Records for this task:
== Segment start ==
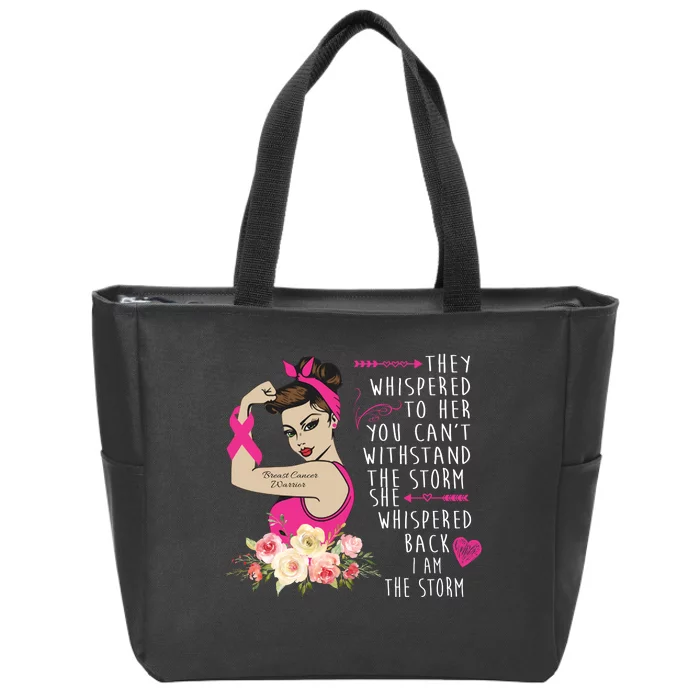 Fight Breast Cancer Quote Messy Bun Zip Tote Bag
== Segment end ==
== Segment start ==
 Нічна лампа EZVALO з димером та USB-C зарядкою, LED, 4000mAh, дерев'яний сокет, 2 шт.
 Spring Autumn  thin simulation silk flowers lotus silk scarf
== Segment end ==
== Segment start ==
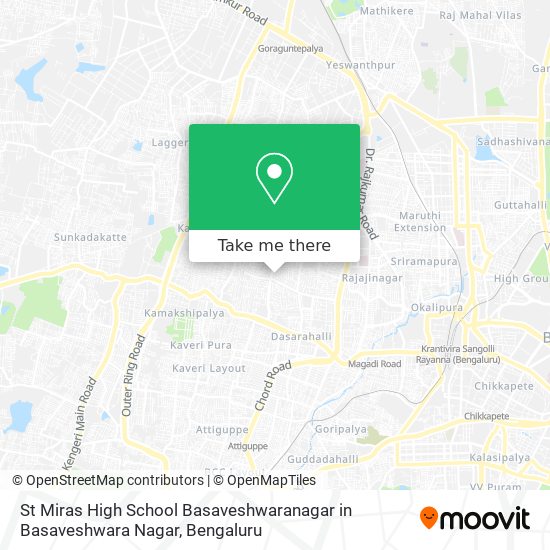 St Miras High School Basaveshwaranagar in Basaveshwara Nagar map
== Segment end ==
What is needed: Would you print exactly, and only, the lines of the data above from the line with "Нічна лампа EZVALO" through the line with "lotus silk scarf", inclusive?

Problem solution:
 Нічна лампа EZVALO з димером та USB-C зарядкою, LED, 4000mAh, дерев'яний сокет, 2 шт.
 Spring Autumn  thin simulation silk flowers lotus silk scarf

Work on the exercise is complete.